Vanliner Insurance Company v. DerMargosian et al
Filing
68
MEMORANDUM OPINION AND ORDER granting 60 MOTION for Attorney Fees Incurred in Responding to Mr. and Mrs. DerMargosian's Amended Motion Seeking Sanctions. (Ordered by Chief Judge Sidney A Fitzwater on 4/24/2014) (Chief Judge Sidney A Fitzwater)
IN THE UNITED STATES DISTRICT COURT
FOR THE NORTHERN DISTRICT OF TEXAS
DALLAS DIVISION
VANLINER INSURANCE COMPANY, §
§
Plaintiff,
§
§ Civil Action No. 3:12-CV-5074-D
VS.
§
§
GREG DERMARGOSIAN, et al.,
§
§
Defendants. §
MEMORANDUM OPINION
AND ORDER
Plaintiff Vanliner Insurance Company (“Vanliner”)—the prevailing party in a motion
for sanctions brought against it under Fed. R. Civ. P. 11—moves pursuant to Rule 11(c)(2)

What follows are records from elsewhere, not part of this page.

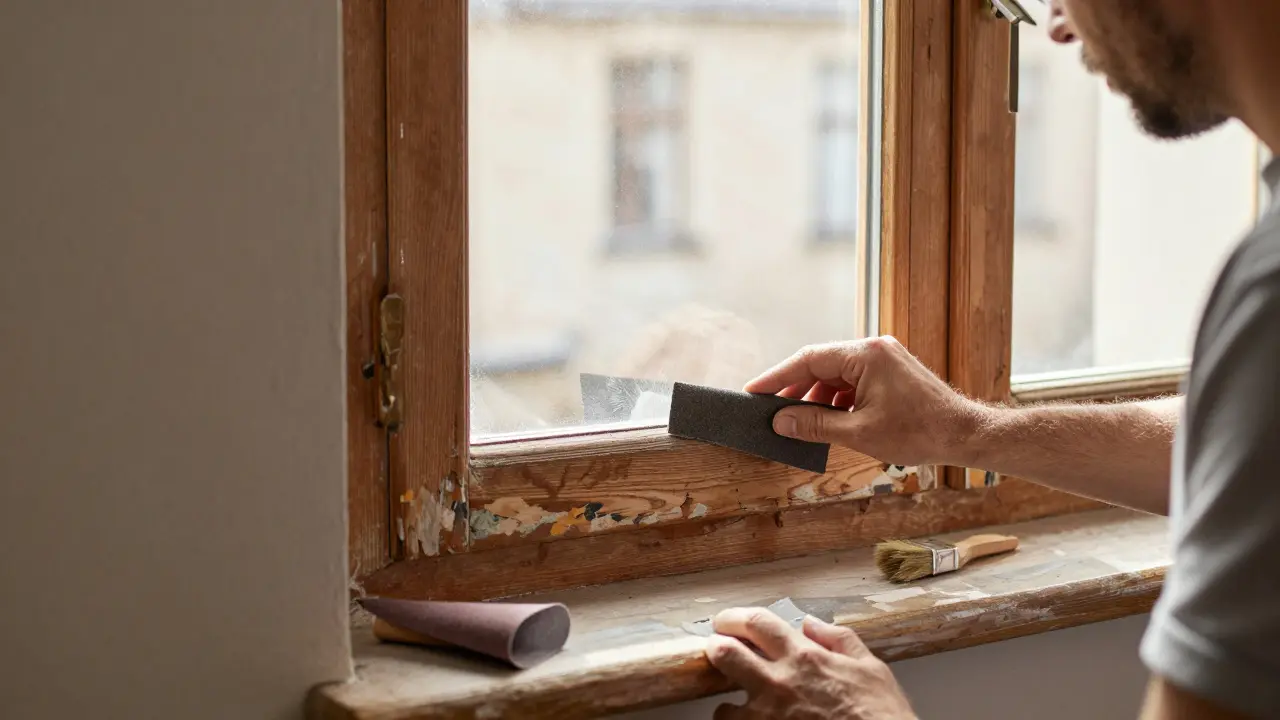 Alte Fenster reparieren statt austauschen: Die besten Optionen für den Bestand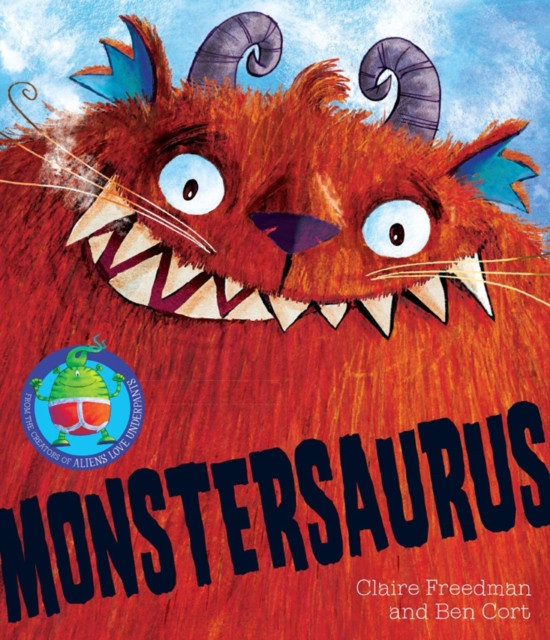 Monstersaurus! by Claire Freedman (Paperback Book)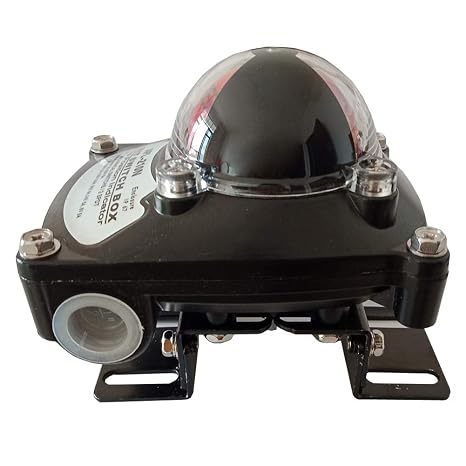 APL-210N Industrial Valve Limit Switch Box Mechanical Valves Position Indicator Signal Feedback Device Micro Motion Limits Switches for Pneumatic Actuator YPAYA AC DC 250V 125V 1NO NC
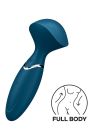 Універсальний компактний масажер Satisfyer Mini Wand-er синій вид 7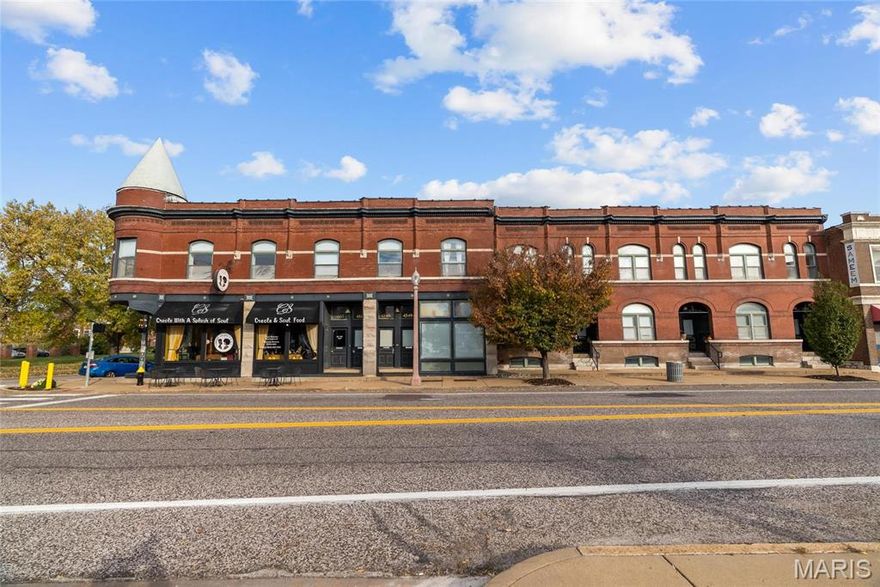 Welcome to a one-of-a-kind investment opportunity in the heart of The Grove, one of St. Louis’ most vibrant and sought-after neighborhoods. This 19-unit building offers the perfect mix of residential and retail income, with tremendous value-add potential for the next owner. The property consists of 17-1bd/1ba, 1-2bd/1ba, and a retail space which is a successful restaurant. The units have in-unit washer and dryer and the property has modern systems and finishes throughout. With below-market rents, an established retail tenant, and continued demand in this high-growth corridor, this asset is primed for long-term appreciation and improved cash flow. Whether you're looking to stabilize a solid asset or reposition for maximum return, this property delivers on both fronts. Just minutes from Barnes-Jewish Hospital, Washington University, and Saint Louis University, this property sits at the center of major employment hubs and student populations. Don't miss your chance!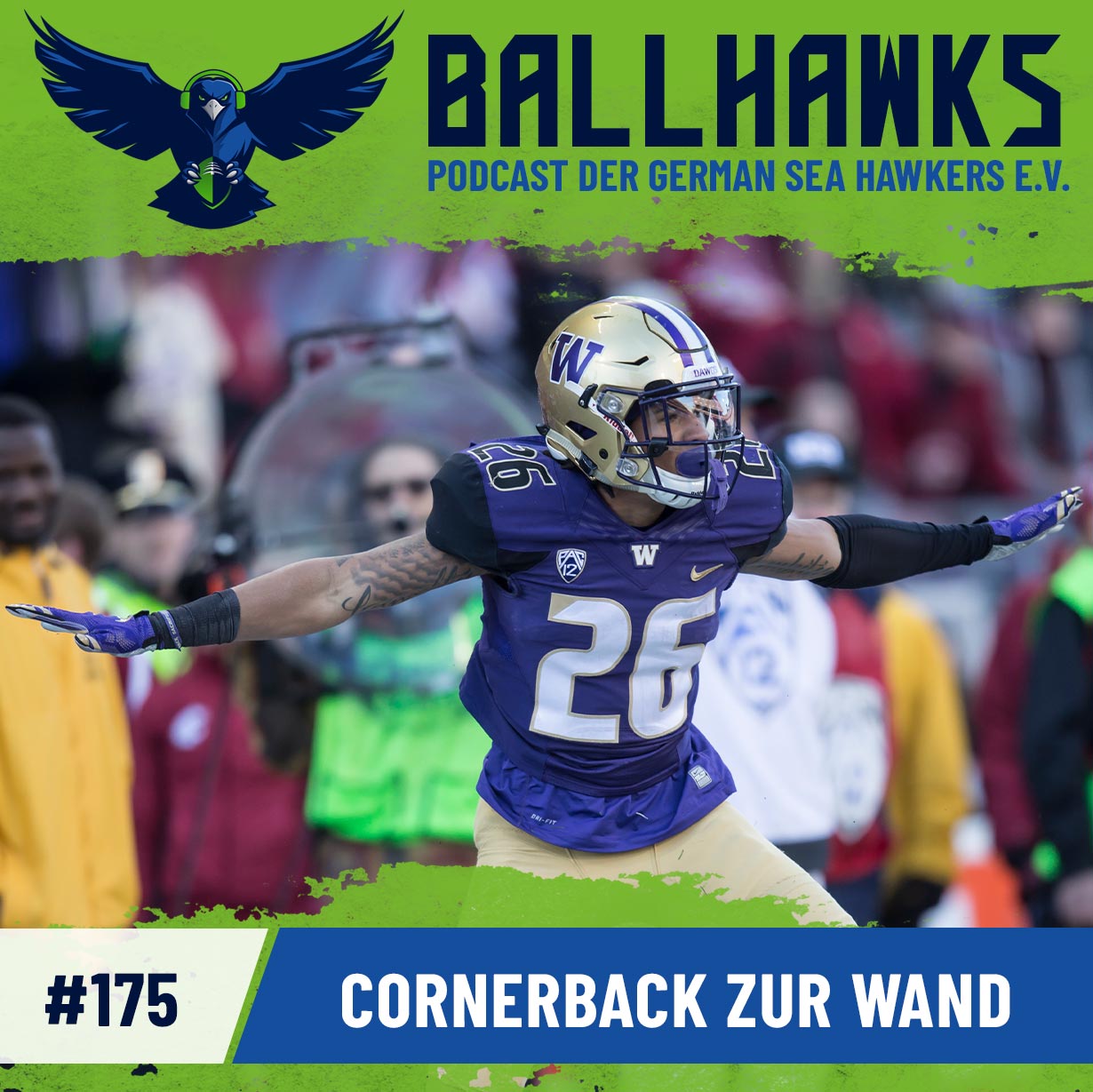 #175 – Cornerback zur Wand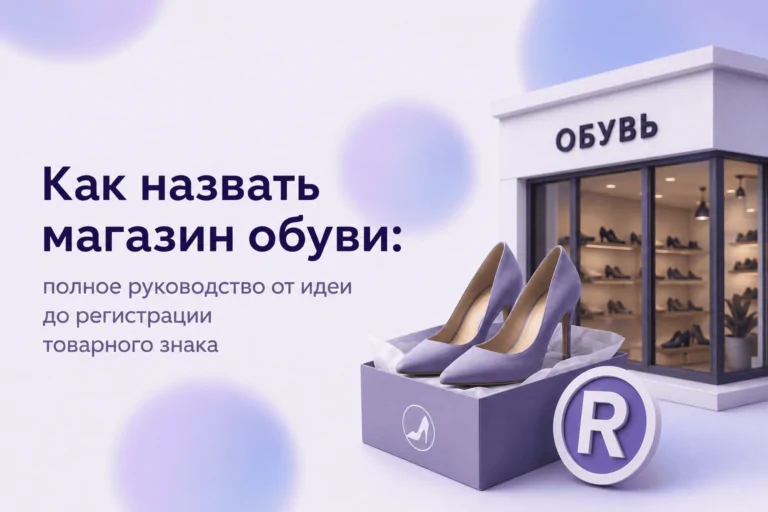 Как назвать магазин обуви: полное руководство от идеи до регистрации товарного знака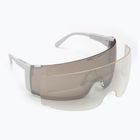 Occhiali da sole POC Propel hydrogen white/clarity road/sunny silver
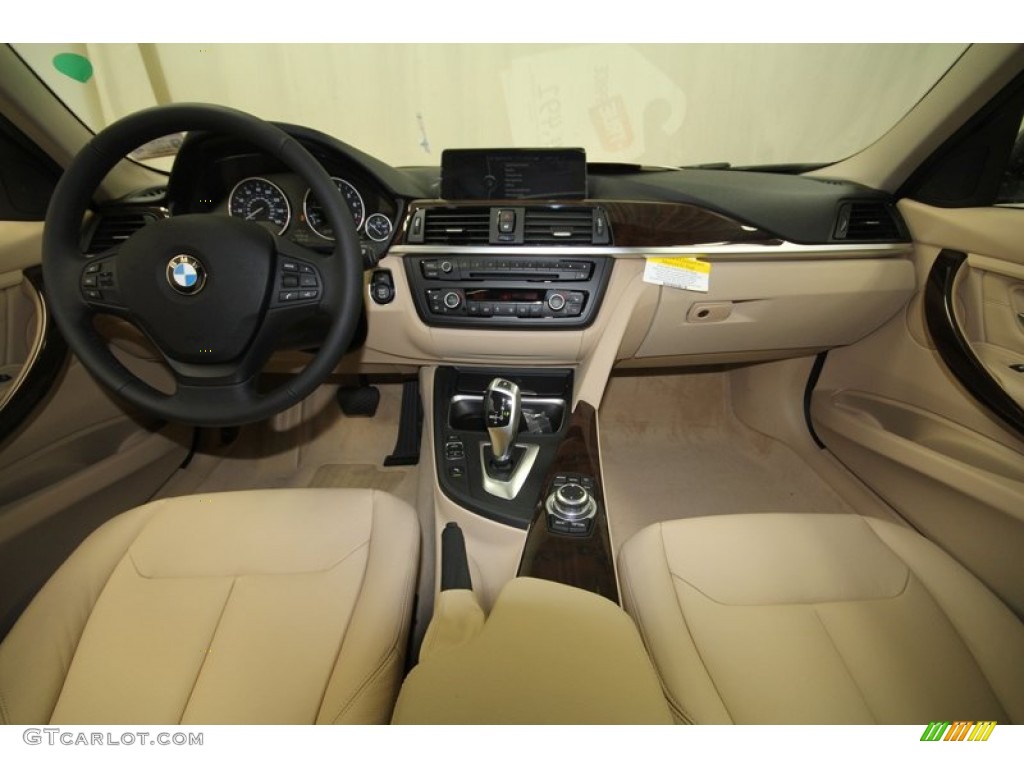 2013 3 Series 328i Sedan - Sparkling Bronze Metallic / Venetian Beige photo #4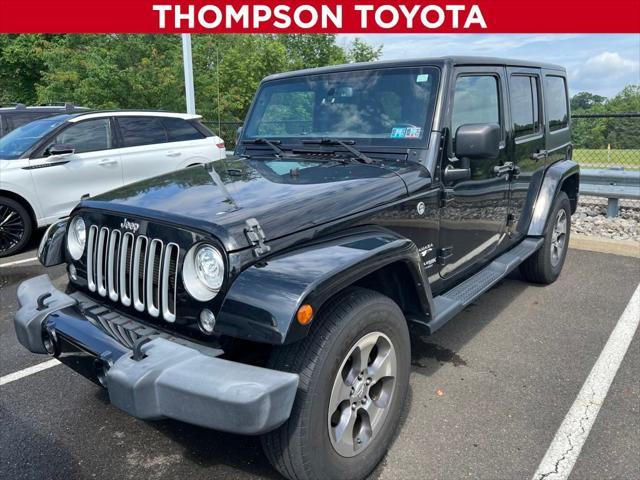 used 2018 Jeep Wrangler JK Unlimited car, priced at $20,990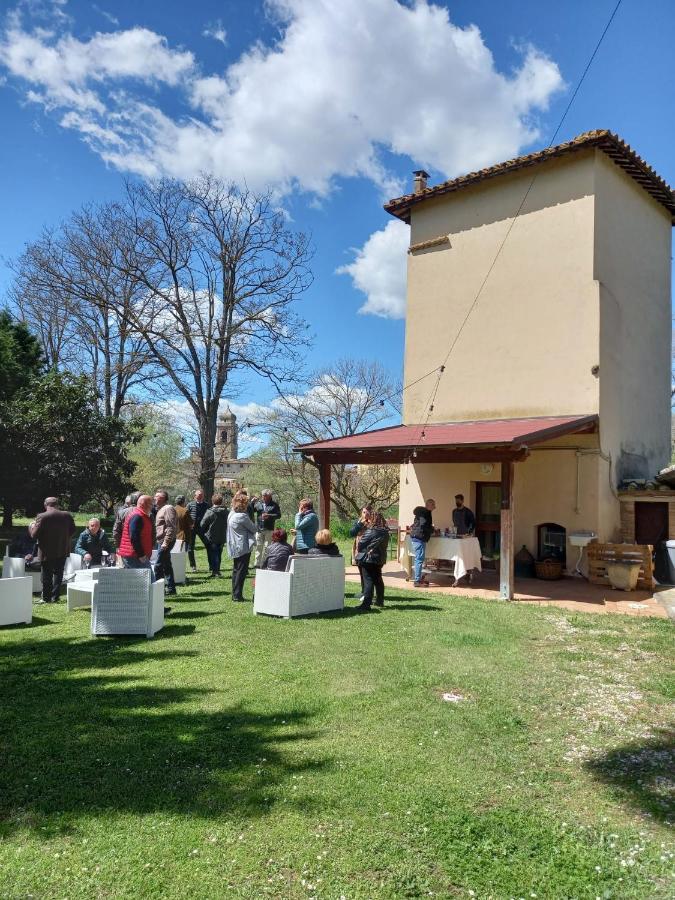 Hotel La Torretta Asís Exterior foto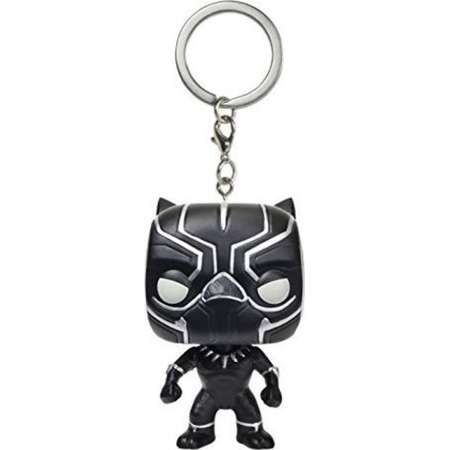 FUNKO POCKET POP! KEYCHAIN: CAPTAIN AMERICA 3 - BLACK PANTHER thumb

for an award of attorney’s fees against defendants Greg DerMargosian (“Greg”) and Martina
DerMargosian (“Martina”) (collectively, “the DerMargosians”), the parties who brought the
motion. For the following reasons, the court grants Vanliner’s motion and awards it the sum
of $1,066.00 in attorney’s fees.
I
Martina and Greg filed separate motions to dismiss Vanliner’s complaint pursuant
to Rules 12(b)(1) and 12(b)(6). Before the court decided Martina’s or Greg’s motion, the
DerMargosians filed a motion for Rule 11 sanctions against Vanliner. The court denied the
motion two days later because the DerMargosians failed to comply with the safe harbor
provision of Rule 11(c)(2).1 The DerMargosians then complied with the safe harbor
provision and filed an amended motion for sanctions. They argued that Vanliner’s complaint
constituted an improper attempt to draw them into the lawsuit and was a form of harassment.
The court denied Martina’s and Greg’s motions to dismiss, Vanliner Insurance Co. v.
DerMargosian, 2014 WL 113595, at *4 (N.D. Tex. Jan. 13, 2014) (Fitzwater, C.J.), and also
denied the DerMargosians’ amended motion for sanctions, Jan. 13, 2014 Order at 1.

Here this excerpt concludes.